Милочка зарыдала, а Мусик с Пусиком растерянно замолчали.

– Пойду я, – подытожил Саня.

Он взял со стола куриную ножку с заворотом и, кивнув на прощание, двинулся к выходу.

Останавливать его никто не стал.

На ходу доев вареную курицу, Мурзин сел в маршрутку, заплатил за проезд двумя уцелевшими монетками и уже поздним вечером добрался до церкви. Там было пусто и темно.

Саня побродил вокруг, подергал плотно закрытую дверь. Потом прислонился к ней горячим лбом и тихо заплакал от тоски и одиночества.

Вдруг из тишины раздался чей-то встревоженный голос:

– Что с вами? Заблудились? Может, плохо вам?

– Не заблудился, – ответил Саня. – Но плохо мне. Уж так плохо…

Пожилой мужчина крепко взял Мурзина под руку и повел его в маленький домик в глубине церковного двора. Там сторож усадил Саню на старый диванчик и налил горячего сладкого чаю. Мурзин рассказал этому доброму человеку обо всех невероятных и диких событиях понедельника.

– В общем, все хреново. Плохо то есть, – поправился Саня, вспомнив, где находится.
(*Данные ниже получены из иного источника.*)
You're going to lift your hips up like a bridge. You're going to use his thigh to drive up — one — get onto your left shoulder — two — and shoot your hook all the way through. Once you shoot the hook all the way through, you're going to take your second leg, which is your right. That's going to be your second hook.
– Знаю я такое, – согласился сторож. – Как будто Бог свет выключил. И со мной было.





– А что, бывает, когда Бог выключает свет? – с интересом спросил Мурзин.
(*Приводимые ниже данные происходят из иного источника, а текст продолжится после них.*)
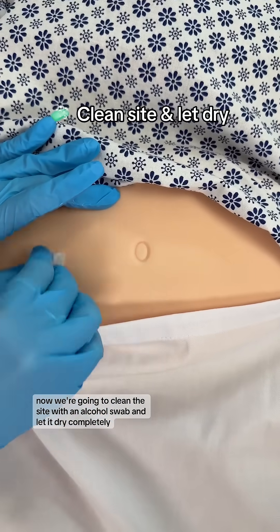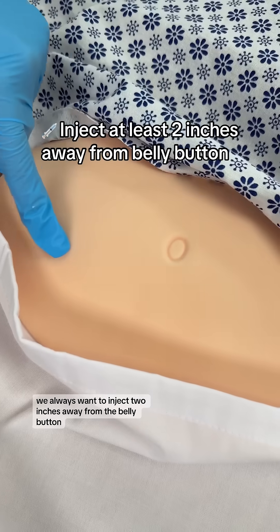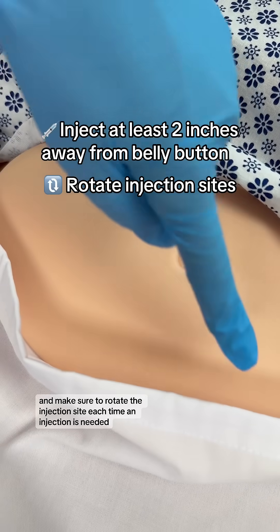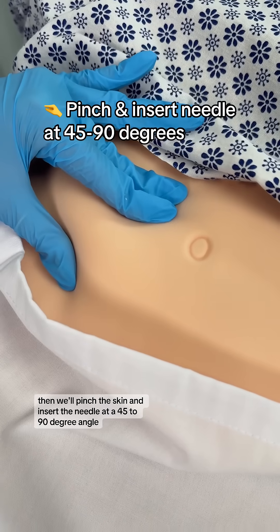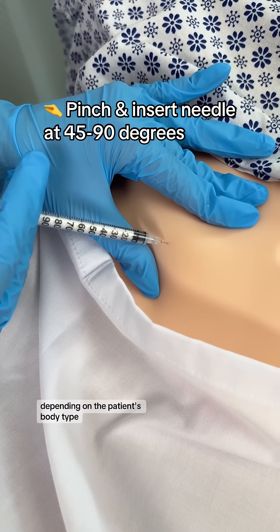Now we're going to clean the site with an alcohol swab and let it dry completely. We always want to inject two inches away from the belly button and make sure to rotate the injection site each time an injection is needed. Then we'll pinch the skin and insert the needle at a 45 to 90 degree angle depending on the patient's body type.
– Темнота, – серьезно ответил сторож. Он выключил свет в своей комнатке и сказал: – Ложись отдыхать, парень. Тебе поспать надо.

Так Саня Мурзин, сын понедельника, оказался в темноте. В прямом и переносном смысле этого слова.

В гостях у правдоруба

Как ни странно, после всех своих потрясений Мурзин хорошо выспался в церковной сторожке. Утром он, бодрый и энергичный, перекусил со сторожем чем Бог послал и отправился искать приют у бывшего однокурсника по политеху Вити Горшкова.

«Витя может помочь, – размышлял Саня. – Если не сможет или не захочет, так хоть сразу скажет, врать не станет. Недаром всегда правдорубом считался».

Действительно, Горшков (или Горшок, как обычно называли его в политехническом институте), добродушный веселый толстяк, запомнился всем специфической маниакальной честностью и любовью к нехитрым шуткам и розыгрышам.

Еще на первом курсе Витя приставал ко всем знакомым и малознакомым парням со странной просьбой:

– Слышь, вот ты мне скажи: «Дайте в руки мне гармонь-золотые планки!»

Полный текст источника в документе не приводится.